→ WORK INSTRUCTIONS
From the line that contains "Gold Moroccan babouche" down to the final line below, please repeat each line exactly and nothing more, with no pictures.
--- RECORDS SHOWN Enclosed Below ---
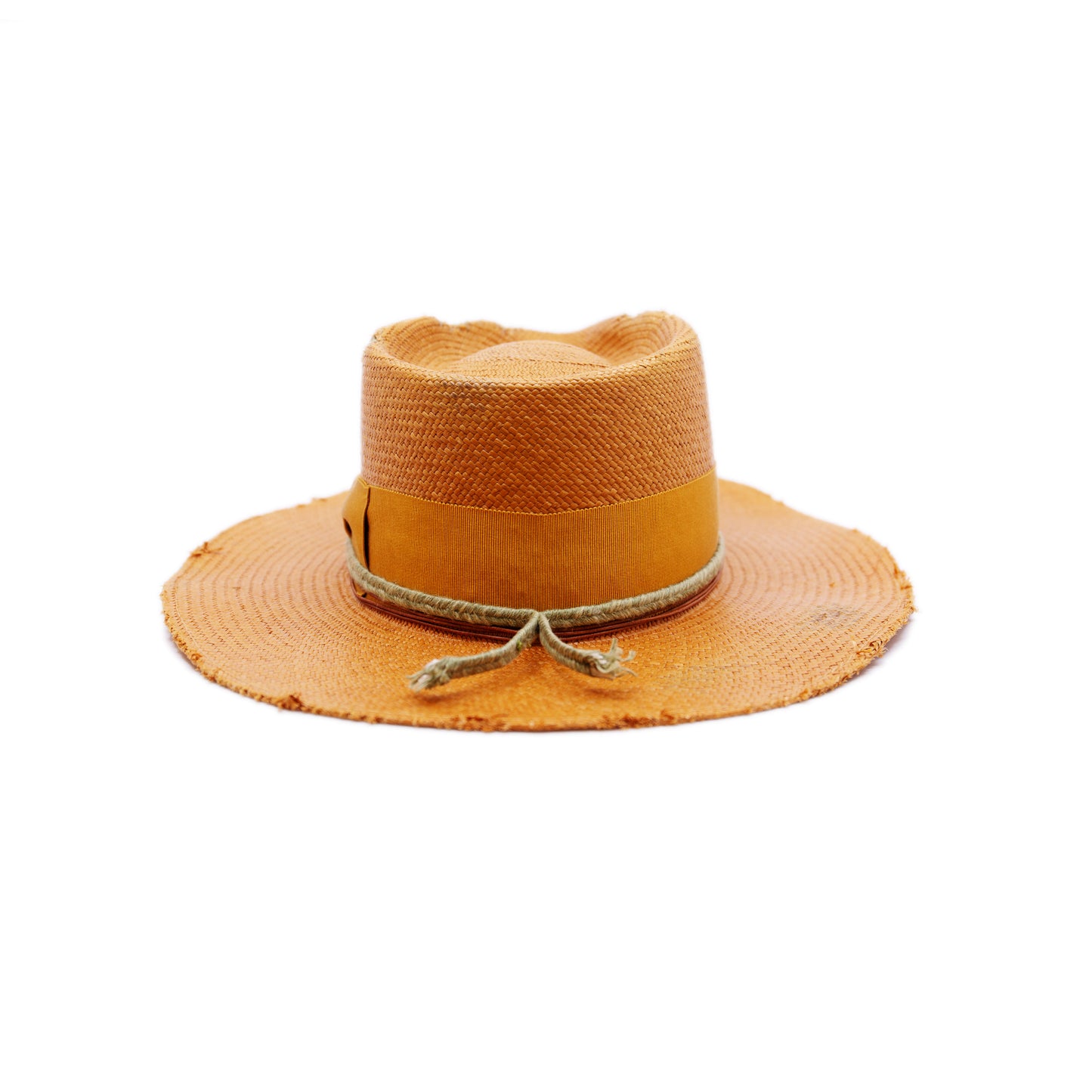 100% Ecuadorian straw hat in Tangerine 2” tonal grosgrain and woven herringbone 2-ply band and bow Distressed and inlay patchwork Woven in Ecuador Wavy brim Made in USA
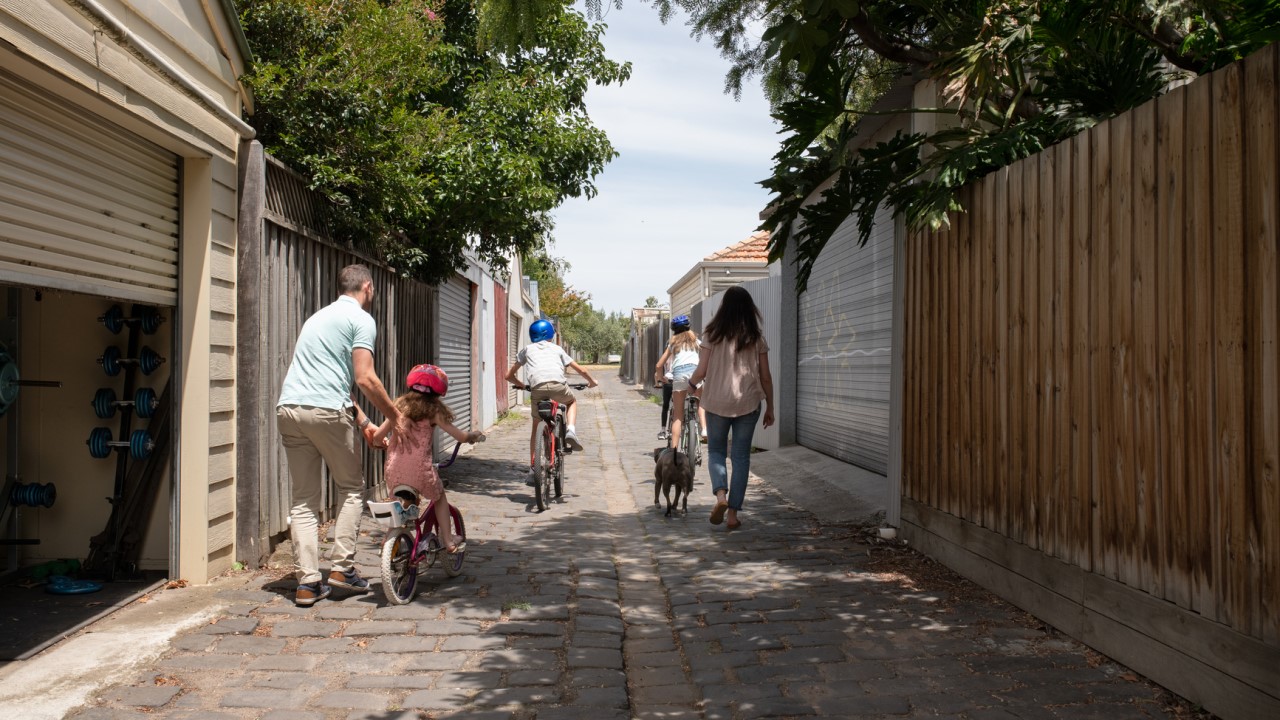 Family walking down bluestone laneway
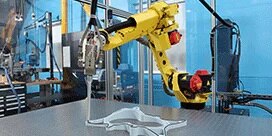 A large machine is shown applying an adhesive

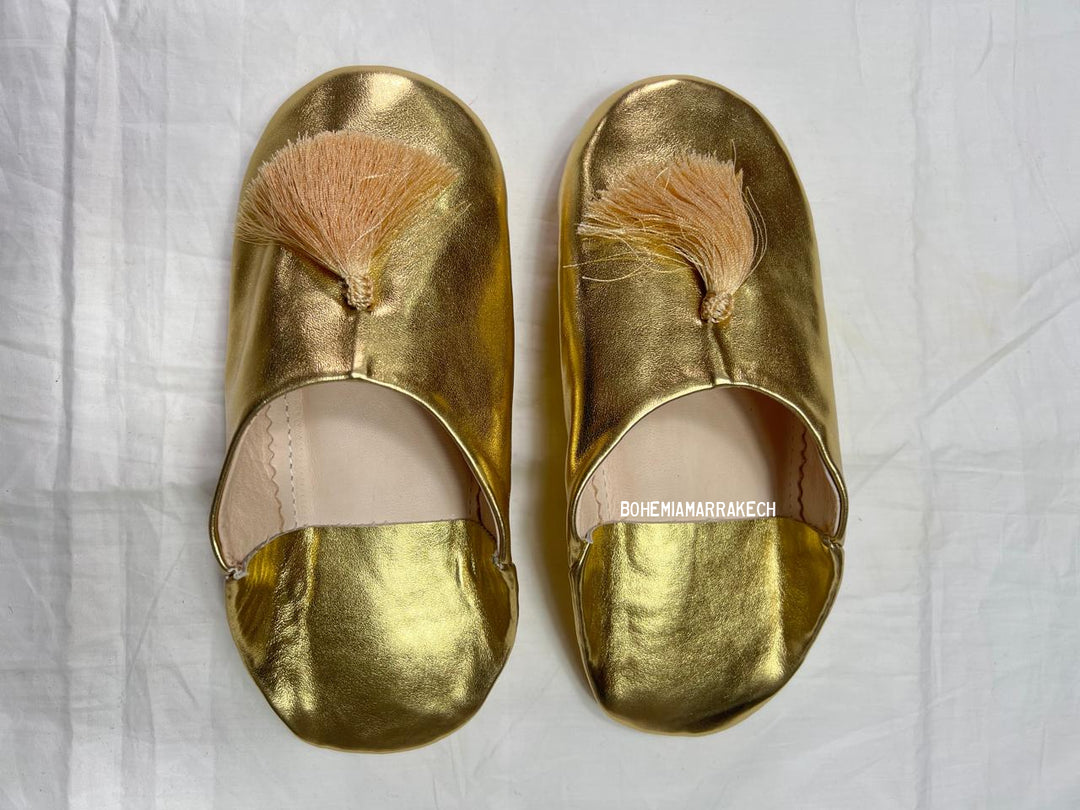 Gold Moroccan babouche slippers with tassel worn on model feet against white background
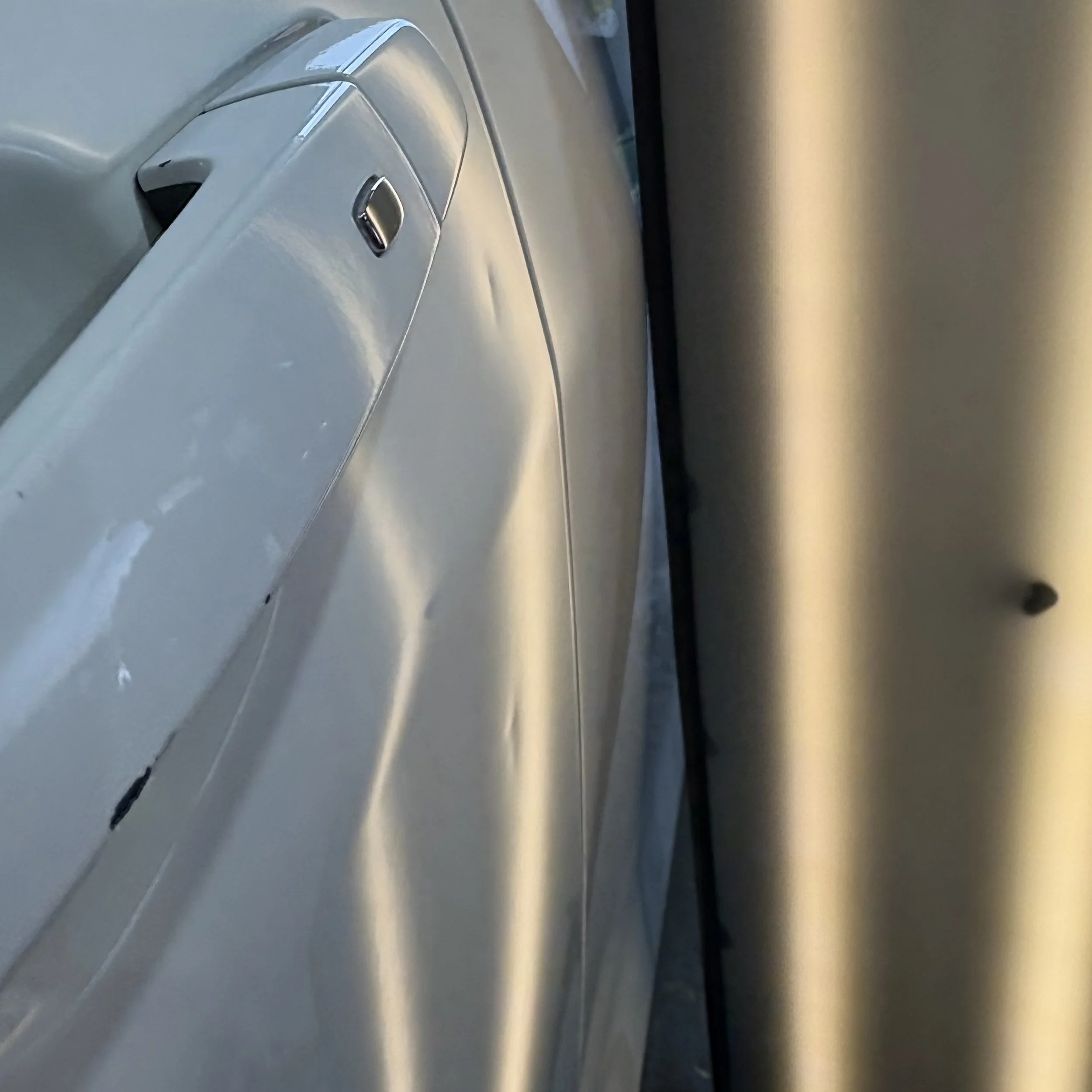 Close-up view of a white car door with two dents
--- End of Enclosed RECORDS SHOWN ---
→ WRITTEN REPLY
 Gold Moroccan babouche slippers with tassel worn on model feet against white background
 Close-up view of a white car door with two dents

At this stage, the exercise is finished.